Tile Museum (Karatay Medresisi)
This old madrassa (theological college) was founded in 1251 by the Seljuk emir Celaleddin Karatay. The building was recently restored and is now an impressive museum showcasing Seljuk enamel tile work. Although touring a tile museum may sound like a rather niche tourist attraction, the sheer beauty of the building makes this one of the top things to do on a Konya sightseeing itinerary. Its internal walls are covered in gorgeous examples of Seljuk tiling and there are also ceramic exhibits of excavated finds from nearby archaeological sites. In the left-hand room is the tomb of Celaleddin Karatay
Museum of Wooden and Stone Carving (Ince Minare Medrese)
The Ince Minareli Medrese (Seminary of the Slender Minaret) lost the minaret in its name when it was struck by lightning in 1905. The madrassa was built in 1260 for the Seljuk vizier Sahip Ata, and the design features richly-sculpted decoration on the portal. The building is now a museum, with a large collection of Seljuk-era wooden and stone sculptures that include animal reliefs (despite depictions of animals and humans being banned by Islamic law) from the old city walls.
Built on the site of Konya’s former citadel, this park, right in the city center, is the place where Konya locals come to promenade in the evening and sip tea in the gardens. At the foot of the incline up the hill, are the excavation site of Alaeddin Kaykobad’s palace and the remains of the old city wall. On top of the hill is the Alaeddin Camii, built in the 13th century. It was built as a pillared mosque according to Arabic design, with a wooden ceiling supported by 42 antique columns.
Konya Archaeological Museum
Most of Turkey’s archaeology museums have been jazzed up and modernized in the past decade, but not Konya’s museum. This is a dusty old place with poor lighting and information panels that may as well be obsolete. But don’t let that put you off, because the collection is excellent (and if you happen to like these relic museums with their treasure-hunt atmosphere, go now before it gets its much-needed facelift). There is a comprehensive display of finds from the nearby archaeological site of Çatalhöyük and a wonderful collection of intricately decorated Roman sarcophagi.
Standing in the square in front of the Mevlana Museum, this huge domed mosque, commissioned by Sultan Selim II and built between 1566 and 1574, marks the climax of Ottoman mosque architecture. Come to the square in the early evening to get photos of the mosque and Mevlana Museum behind as they are lit up against the dusk sky. Across the main road from the square are a series of outdoor cafés and restaurants, which are a great place to sit down and admire the view of minarets and domes while relaxing with a coffee or tea.

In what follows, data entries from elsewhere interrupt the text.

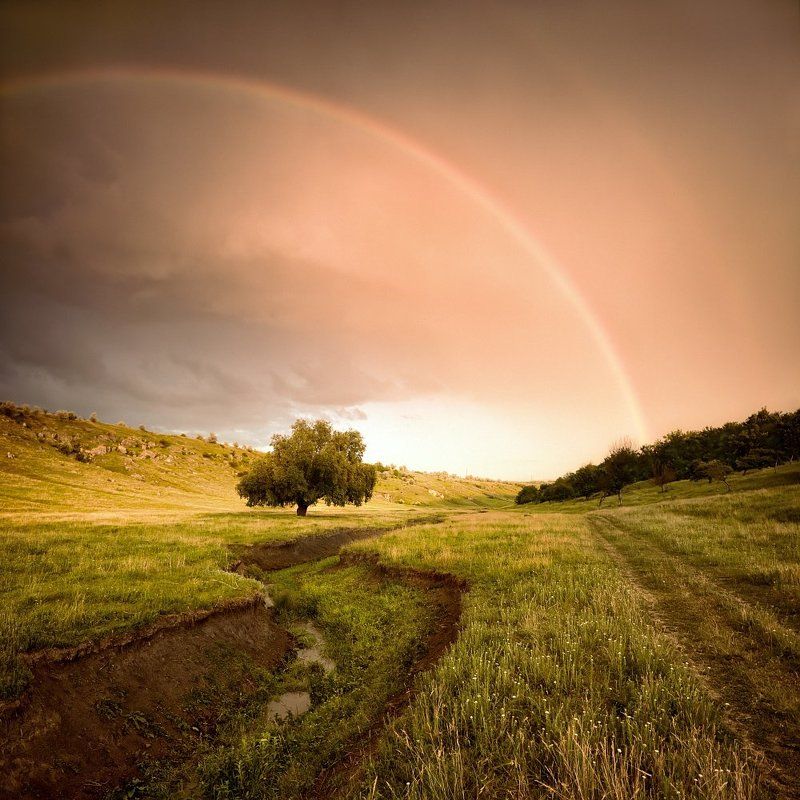 20:31 радугаphoto preview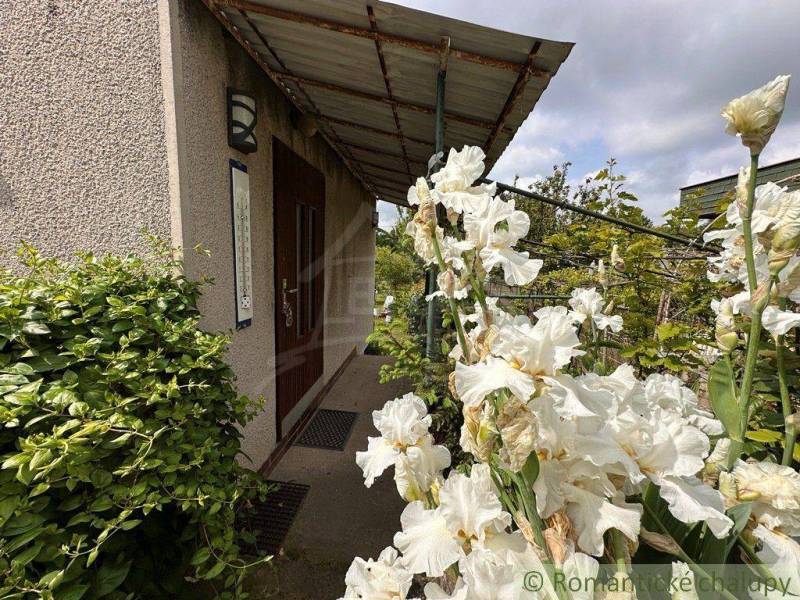 A cottage near Nové Zámky with white flowers in front of the entrance and green vegetation.
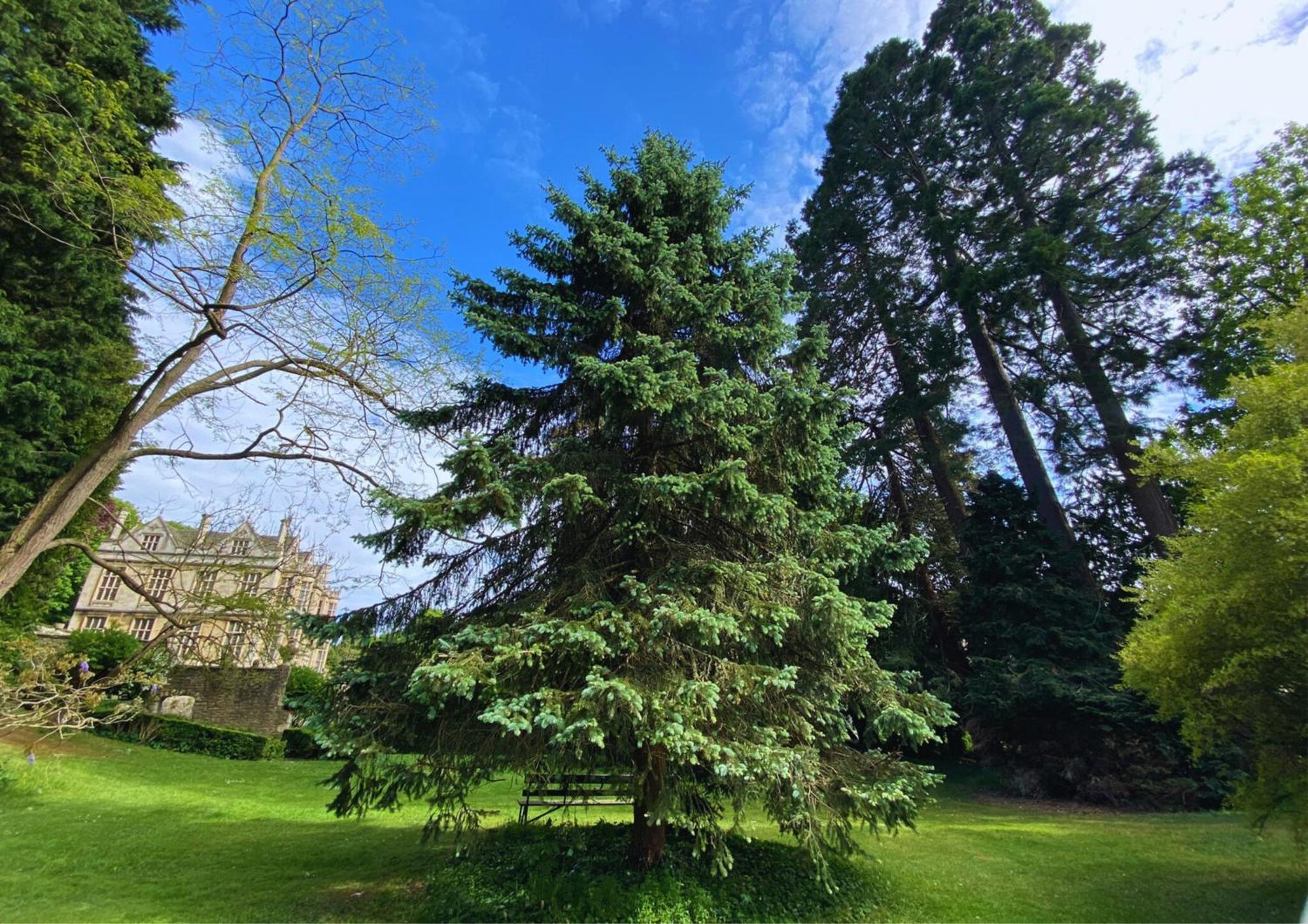 The Hall - Historic Grade I-Listed Jacobean Mansion Bradford-On-Avon Buitenkant foto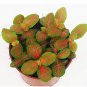 Fittonia Verschaffeltii  Mini Easy ing Balcony Fun Indoor  Flowers   Flower 100 Pc
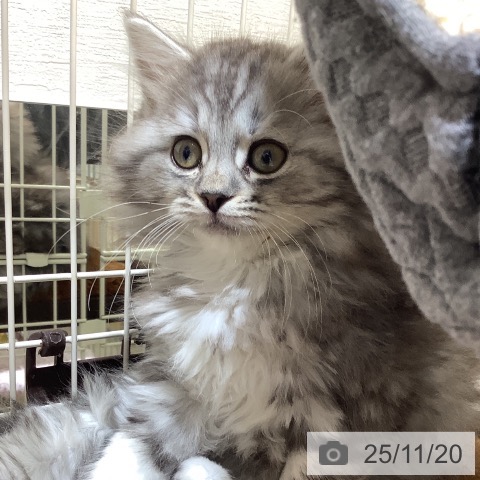 スコティッシュフォールドの写真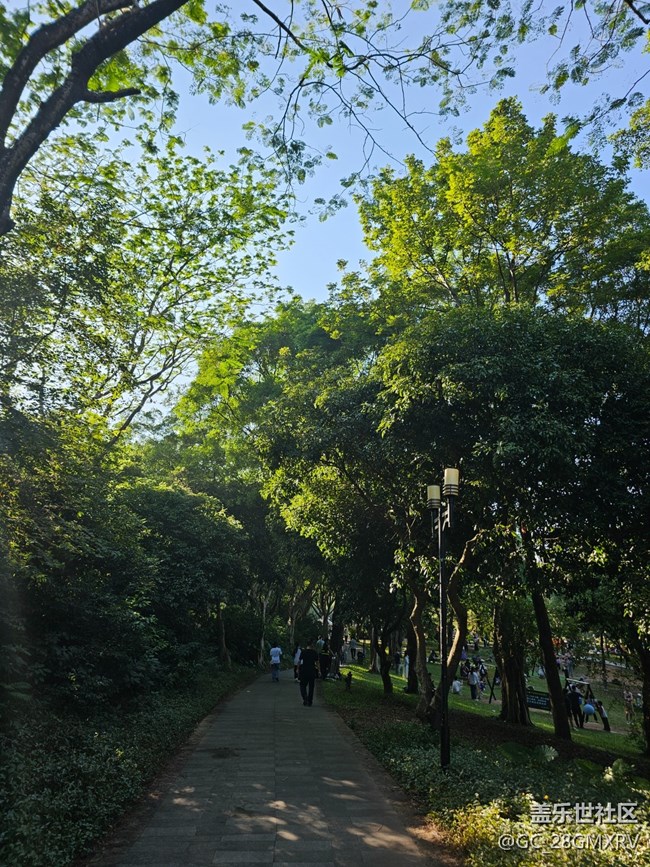 【簡而美】綠色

Inside Konya’s bustling bazaar neighborhood, the Aziziye Mosque is one for architecture fans. It was first built in 1676 by the Ottoman court adviser Mustafa Pasa and reconstructed again in 1867 after a fire. Because of this 19th-century restoration, the mosque’s architecture is heavily Baroque-inspired (the style most fashionable at the time), with twin minarets in Rococo style and a brightly painted interior with a Rococo prayer niche. This very European decorative style makes for an interesting contrast with traditional mosque design.
Although there aren’t huge amounts to see, the settlement mound of Çatalhöyük is one of the most important excavation sites in the world. Here, archaeologists have uncovered the largest Neolithic site ever found, with settlement here dating to approximately 9,000 years ago. Excavations are ongoing, and if you visit in summer, you can sometimes watch archaeologists working at the site.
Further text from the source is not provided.